→ The problem: Could you reproduce, word for word, everything below from the line containing "This is a Kanabi" down to the line containing "The ACR J10", with both of those lines included and no others?

→ Data shown:
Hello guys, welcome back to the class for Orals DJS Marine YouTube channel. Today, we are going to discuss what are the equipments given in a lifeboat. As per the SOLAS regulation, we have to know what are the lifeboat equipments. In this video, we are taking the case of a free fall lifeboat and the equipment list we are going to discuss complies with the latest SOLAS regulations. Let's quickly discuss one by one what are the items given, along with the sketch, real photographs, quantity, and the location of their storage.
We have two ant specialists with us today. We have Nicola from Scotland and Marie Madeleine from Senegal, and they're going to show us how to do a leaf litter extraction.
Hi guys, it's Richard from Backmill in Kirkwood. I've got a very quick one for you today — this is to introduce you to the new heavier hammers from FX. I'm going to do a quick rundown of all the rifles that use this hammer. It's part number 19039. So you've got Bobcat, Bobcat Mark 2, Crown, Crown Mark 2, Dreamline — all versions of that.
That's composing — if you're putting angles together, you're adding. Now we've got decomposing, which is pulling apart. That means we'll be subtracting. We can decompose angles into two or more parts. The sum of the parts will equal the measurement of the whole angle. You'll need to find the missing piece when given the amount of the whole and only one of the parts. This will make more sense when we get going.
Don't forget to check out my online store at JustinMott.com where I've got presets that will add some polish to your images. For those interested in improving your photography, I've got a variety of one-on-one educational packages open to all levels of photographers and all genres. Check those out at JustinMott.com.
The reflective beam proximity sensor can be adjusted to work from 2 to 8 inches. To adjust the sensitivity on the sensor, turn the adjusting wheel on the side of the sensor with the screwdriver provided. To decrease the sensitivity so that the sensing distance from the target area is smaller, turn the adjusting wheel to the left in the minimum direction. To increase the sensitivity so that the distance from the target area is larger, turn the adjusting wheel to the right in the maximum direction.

* * *

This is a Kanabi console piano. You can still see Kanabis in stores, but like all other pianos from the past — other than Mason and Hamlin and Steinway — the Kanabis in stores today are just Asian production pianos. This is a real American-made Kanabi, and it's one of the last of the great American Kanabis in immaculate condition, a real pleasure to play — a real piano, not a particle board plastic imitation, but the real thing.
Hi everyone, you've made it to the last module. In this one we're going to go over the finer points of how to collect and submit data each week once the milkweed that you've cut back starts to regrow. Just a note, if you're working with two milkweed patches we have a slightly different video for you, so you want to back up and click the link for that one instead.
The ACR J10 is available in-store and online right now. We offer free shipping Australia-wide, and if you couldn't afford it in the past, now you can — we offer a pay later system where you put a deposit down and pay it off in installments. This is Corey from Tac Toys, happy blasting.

...

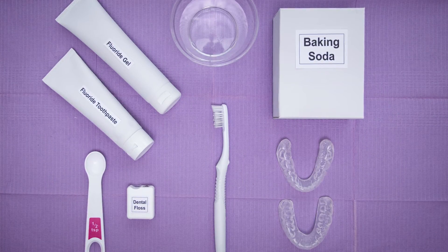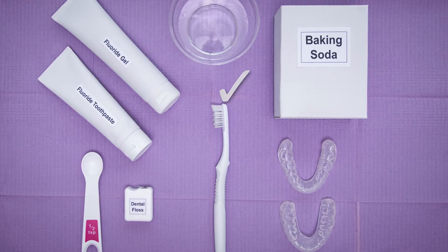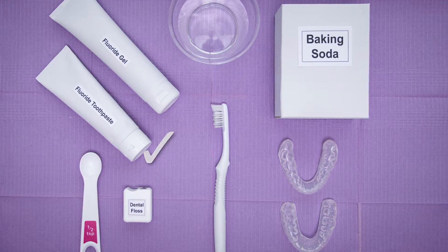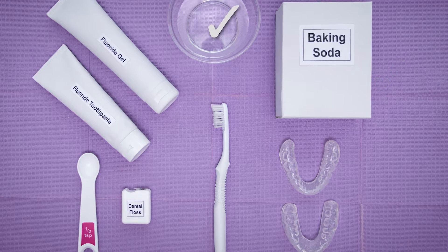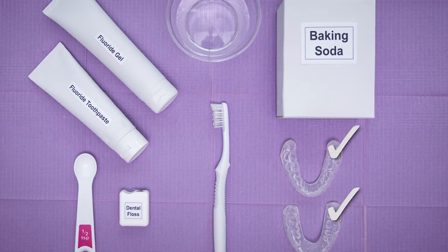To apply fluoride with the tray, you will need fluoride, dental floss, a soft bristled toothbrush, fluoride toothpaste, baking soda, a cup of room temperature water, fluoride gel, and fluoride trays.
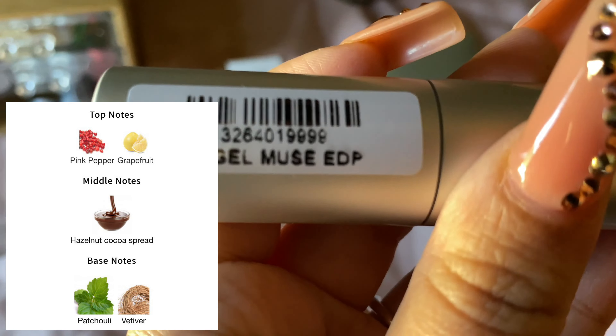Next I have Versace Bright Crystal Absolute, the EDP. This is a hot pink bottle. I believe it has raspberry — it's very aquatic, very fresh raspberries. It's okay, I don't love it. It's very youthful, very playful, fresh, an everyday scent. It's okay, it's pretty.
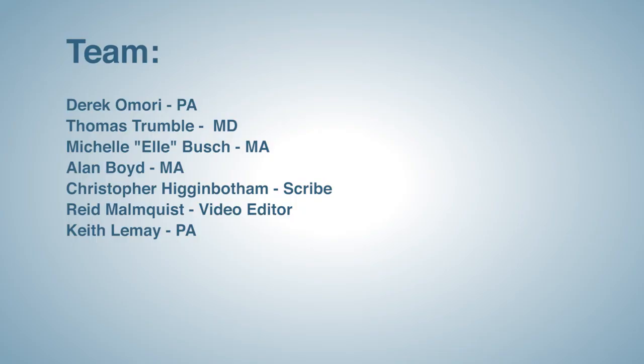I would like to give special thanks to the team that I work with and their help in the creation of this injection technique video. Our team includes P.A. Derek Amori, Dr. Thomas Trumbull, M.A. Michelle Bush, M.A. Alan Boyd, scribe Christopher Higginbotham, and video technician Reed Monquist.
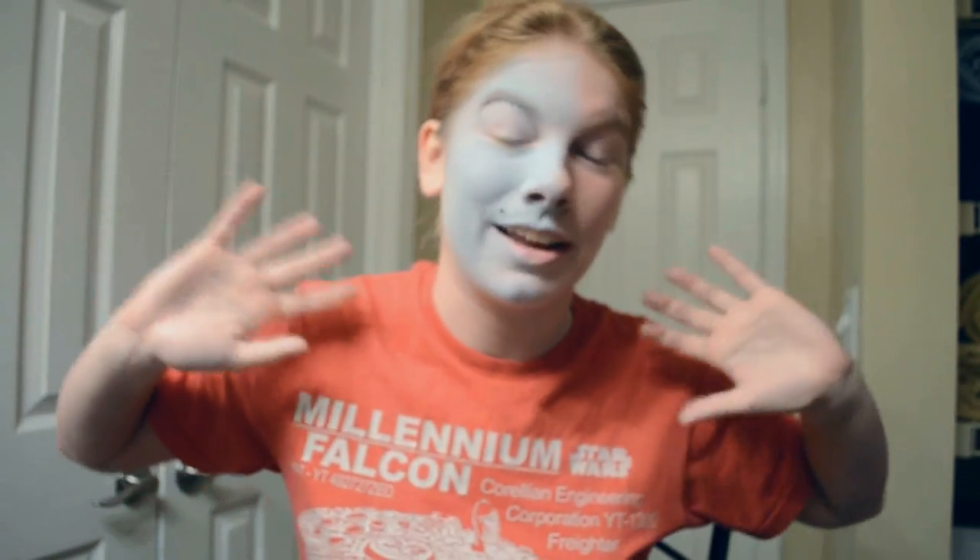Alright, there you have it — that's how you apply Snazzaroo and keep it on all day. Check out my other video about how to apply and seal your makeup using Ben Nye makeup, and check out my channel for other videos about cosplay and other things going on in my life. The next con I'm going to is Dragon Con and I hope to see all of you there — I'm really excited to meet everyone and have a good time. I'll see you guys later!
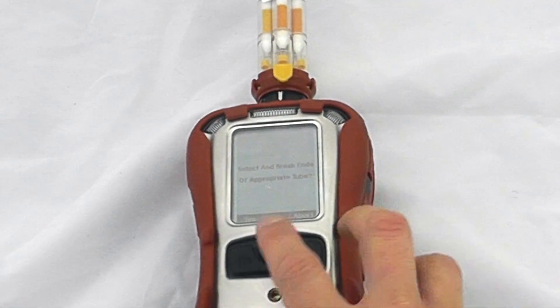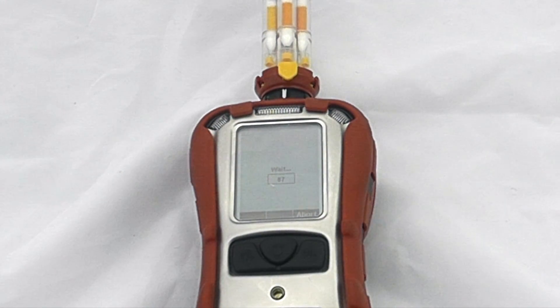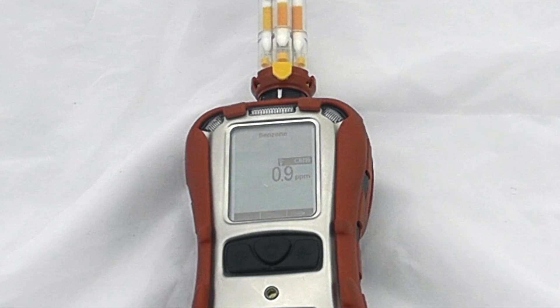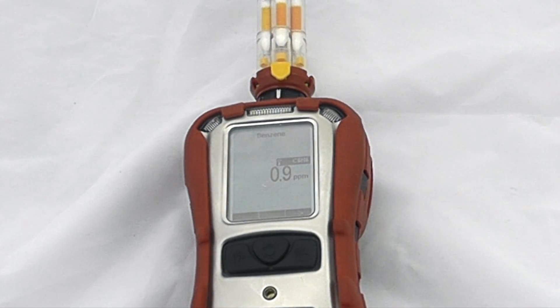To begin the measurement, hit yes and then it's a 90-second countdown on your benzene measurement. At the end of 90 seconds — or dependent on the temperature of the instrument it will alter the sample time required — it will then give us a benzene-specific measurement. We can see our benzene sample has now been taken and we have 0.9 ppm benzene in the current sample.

→ Solution to the problem:
This is a Kanabi console piano. You can still see Kanabis in stores, but like all other pianos from the past — other than Mason and Hamlin and Steinway — the Kanabis in stores today are just Asian production pianos. This is a real American-made Kanabi, and it's one of the last of the great American Kanabis in immaculate condition, a real pleasure to play — a real piano, not a particle board plastic imitation, but the real thing.
Hi everyone, you've made it to the last module. In this one we're going to go over the finer points of how to collect and submit data each week once the milkweed that you've cut back starts to regrow. Just a note, if you're working with two milkweed patches we have a slightly different video for you, so you want to back up and click the link for that one instead.
The ACR J10 is available in-store and online right now. We offer free shipping Australia-wide, and if you couldn't afford it in the past, now you can — we offer a pay later system where you put a deposit down and pay it off in installments. This is Corey from Tac Toys, happy blasting.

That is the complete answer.